## Available records
---
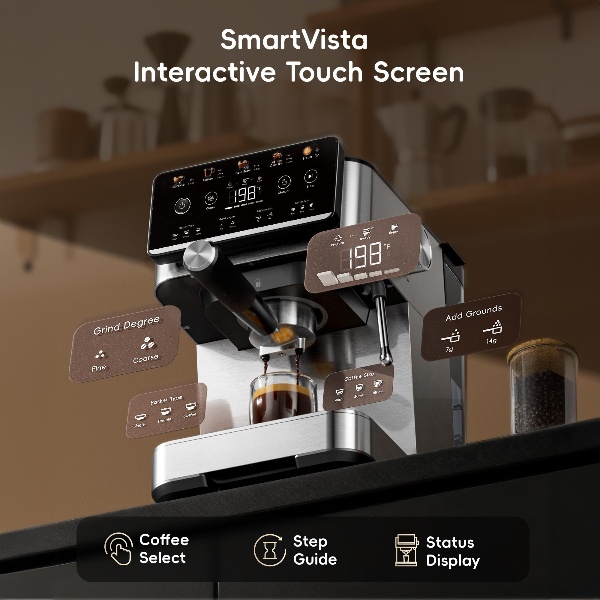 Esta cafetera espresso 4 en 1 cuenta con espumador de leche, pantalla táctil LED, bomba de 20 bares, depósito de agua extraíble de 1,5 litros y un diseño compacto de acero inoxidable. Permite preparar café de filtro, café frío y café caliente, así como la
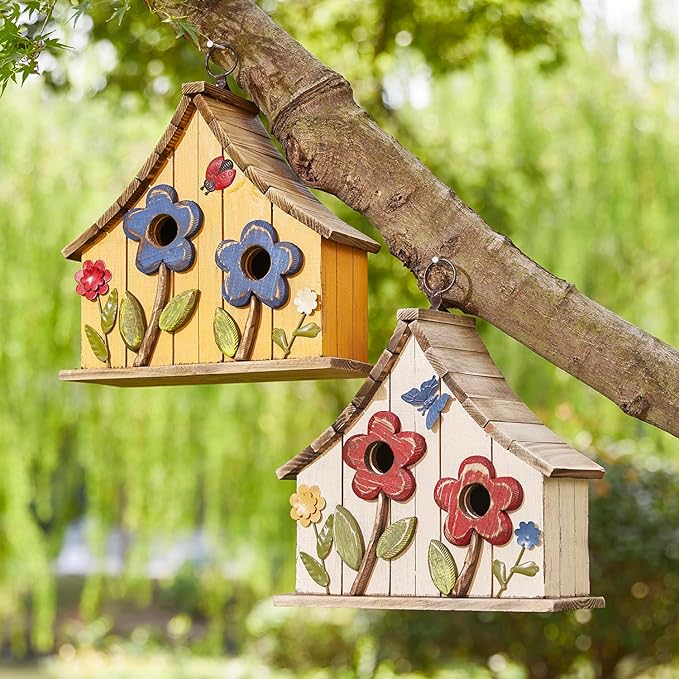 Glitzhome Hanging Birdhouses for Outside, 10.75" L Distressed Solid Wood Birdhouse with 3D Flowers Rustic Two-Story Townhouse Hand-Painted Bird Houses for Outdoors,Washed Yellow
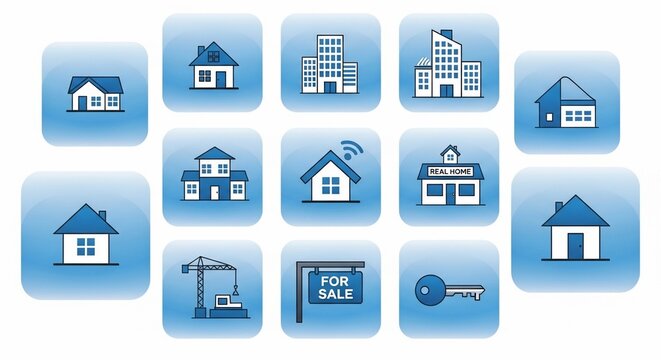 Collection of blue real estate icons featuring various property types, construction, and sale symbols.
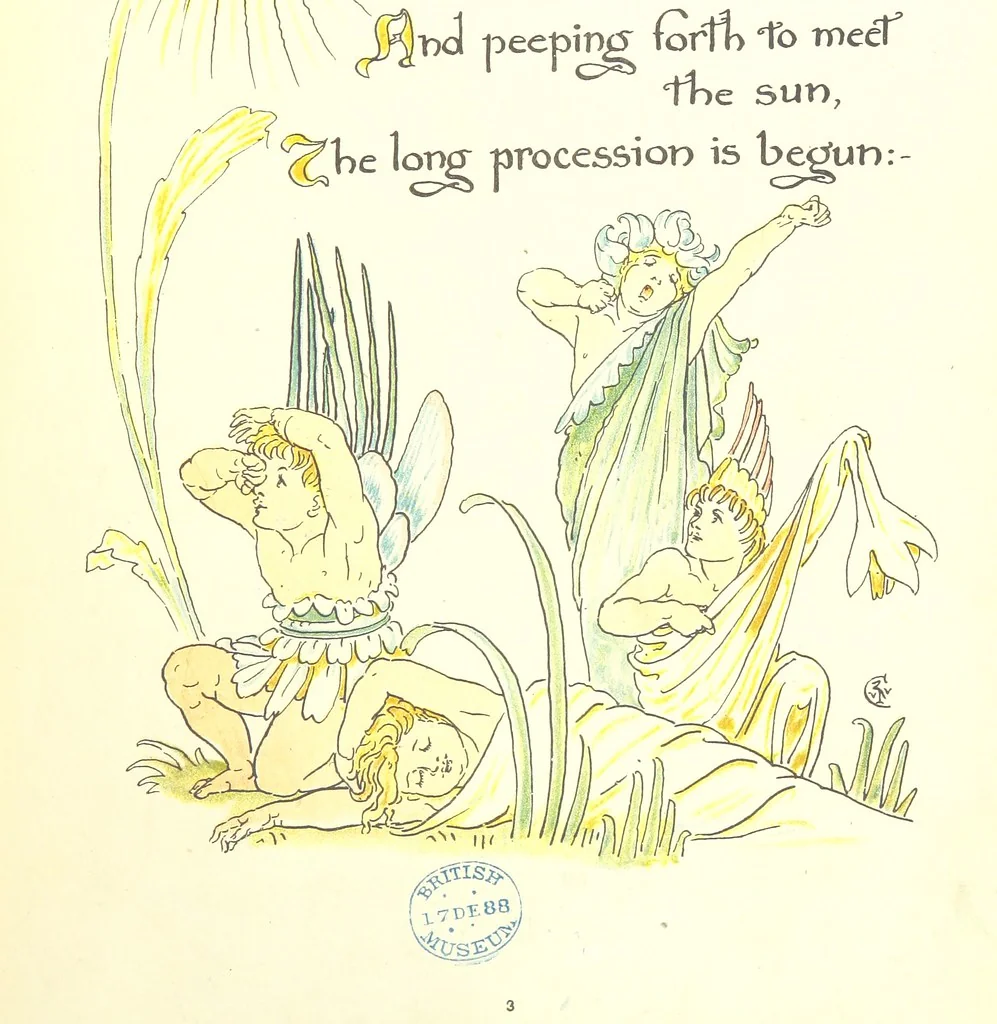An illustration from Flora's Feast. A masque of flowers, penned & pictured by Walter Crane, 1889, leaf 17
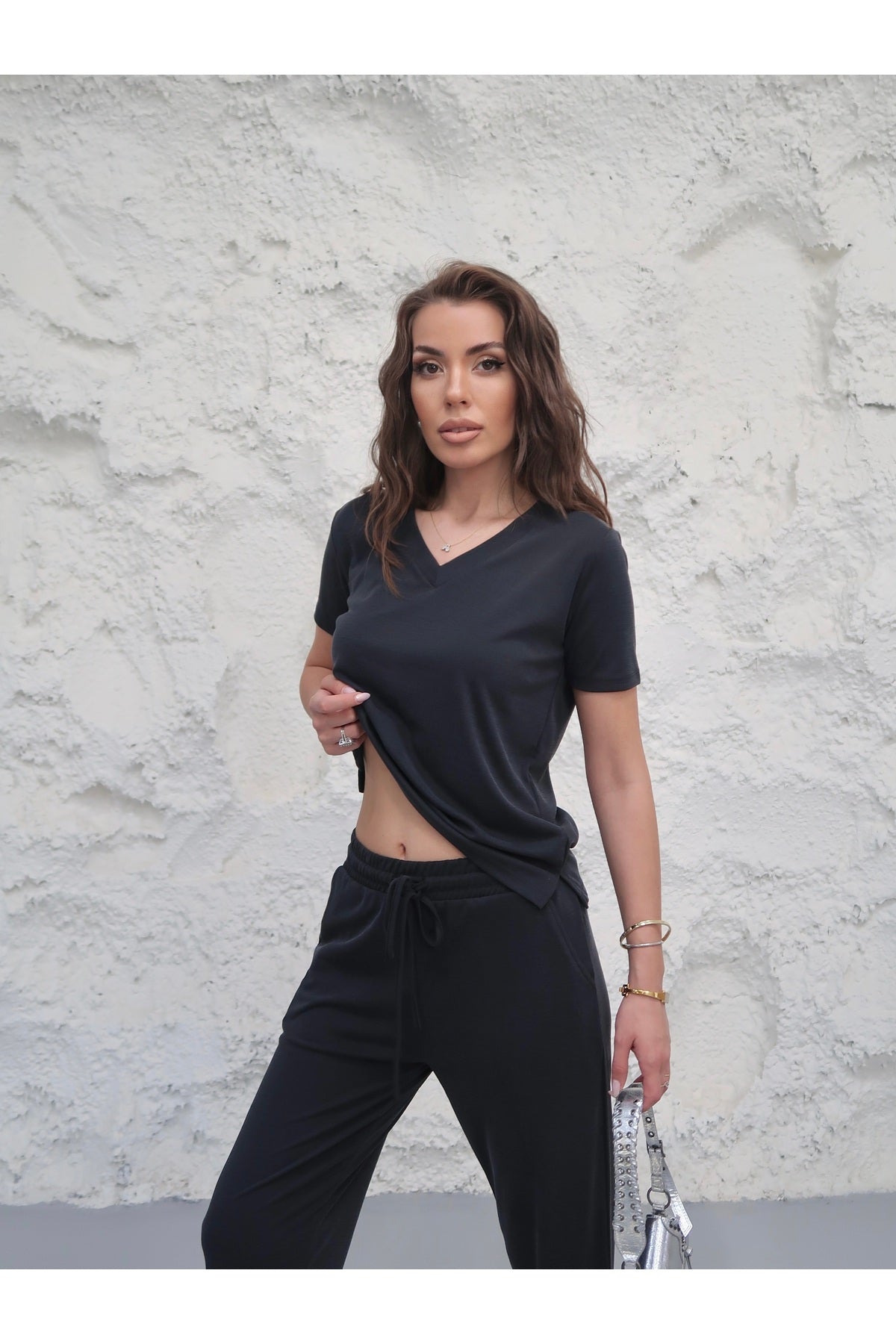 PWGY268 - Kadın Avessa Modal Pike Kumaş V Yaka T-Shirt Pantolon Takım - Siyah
---
## Work instructions
Your output should be the lines from the line containing "Glitzhome Hanging Birdhouses" through the last line of the listing above, restated exactly, with no pictures among them.

## Result for this exercise
 Glitzhome Hanging Birdhouses for Outside, 10.75" L Distressed Solid Wood Birdhouse with 3D Flowers Rustic Two-Story Townhouse Hand-Painted Bird Houses for Outdoors,Washed Yellow
 Collection of blue real estate icons featuring various property types, construction, and sale symbols.
An illustration from Flora's Feast. A masque of flowers, penned & pictured by Walter Crane, 1889, leaf 17
 PWGY268 - Kadın Avessa Modal Pike Kumaş V Yaka T-Shirt Pantolon Takım - Siyah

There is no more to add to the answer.